The big story of the week that has grabbed everyone's attention has to be the ECB move to pump more than EUR1 trillion into the eurozone economy which sent the euro tumbling to an 11 year low against the US dollar and a new 7 year low versus the pound. The latter meanwhile fell below 1.50 against the US currency today, a level not seen since July 2013.

Despite previous denials, the Russian Deputy PM has apparently now admitted that the recent tough stance on phytosanitary rules was a deliberate attempt to limit grain exports in January, before the new export duty comes in on Feb 1. These rules will be relaxed after that date for the purposes of "transparency in the market" he said! That's Russian politics for you.

He said that Russia will export around 28 MMT of grains this season, which is some 6 MMT more than they have currently shipped, according to his figures. The last numbers released from the Russian Ag Ministry said that the country had exported 21.571 MMT of grains to Jan 15.

The USDA currently have Russia down to export 27.3 MMT of wheat, corn and barley in 2014/15.

Europe will be the most likely beneficiary of any shortfall in Russian exports, particularly given the recent demise of the euro.
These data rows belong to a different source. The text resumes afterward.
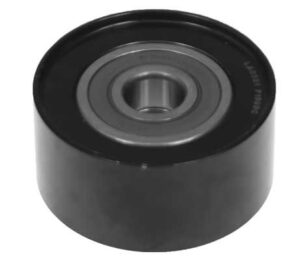 Galet d'accessoire - GA4275 MGA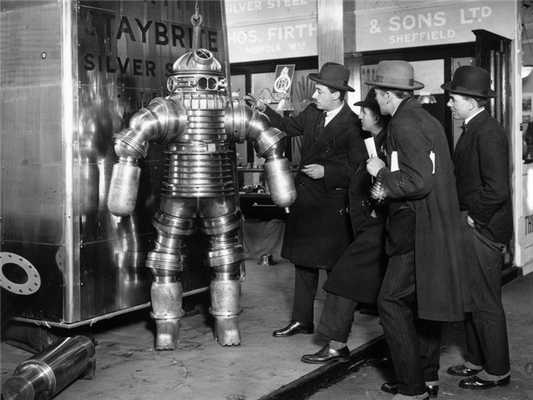 Водолазное снаряжение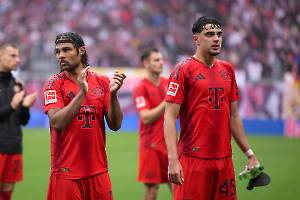 RBLFCB_20250503_3455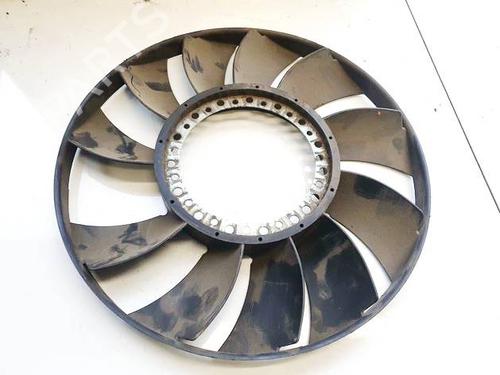Used Fan Fan 34903380 34903380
Brussels said that they'd issued 728 TMT of soft wheat export licences this past week, up 32% on the previous week. That takes the marketing year to date total so far to just over 16 MMT, which is 4% less than last year's record pace. Europe has also exported 531 TMT of durum wheat so far this season, putting all wheat exports at almost 16.6 MMT, which is 55% of the USDA's 30 MMT target for the season.
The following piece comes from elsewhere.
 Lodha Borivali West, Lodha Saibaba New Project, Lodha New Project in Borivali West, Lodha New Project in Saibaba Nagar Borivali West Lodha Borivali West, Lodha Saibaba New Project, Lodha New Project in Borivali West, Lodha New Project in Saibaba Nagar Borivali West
Brussels also granted 286 TMT worth of barley export licences, taking the season so far total to 4.77 MMT, which is in line with a year ago. Cumulative corn import licences are down 23% versus last year at 5.14 MMT.

Ukraine's Food Minister denied that the country has any plans to limit grain exports, despite it being widely reported recently that a cap on milling wheat sales had recently been agreed with the country's exporters. Ukraine politics clearly isn't much different to that in Russia.

Looking ahead to 2015 production prospects, Russia's Institute for Agricultural Market Studies (IKAR) were said to have estimated the country's grain production potential this year at only 86 MMT, a sharp 17.3% fall on output this season. Wheat will account for 50 MMT of that total, a 15.3% fall compared to this season, they said.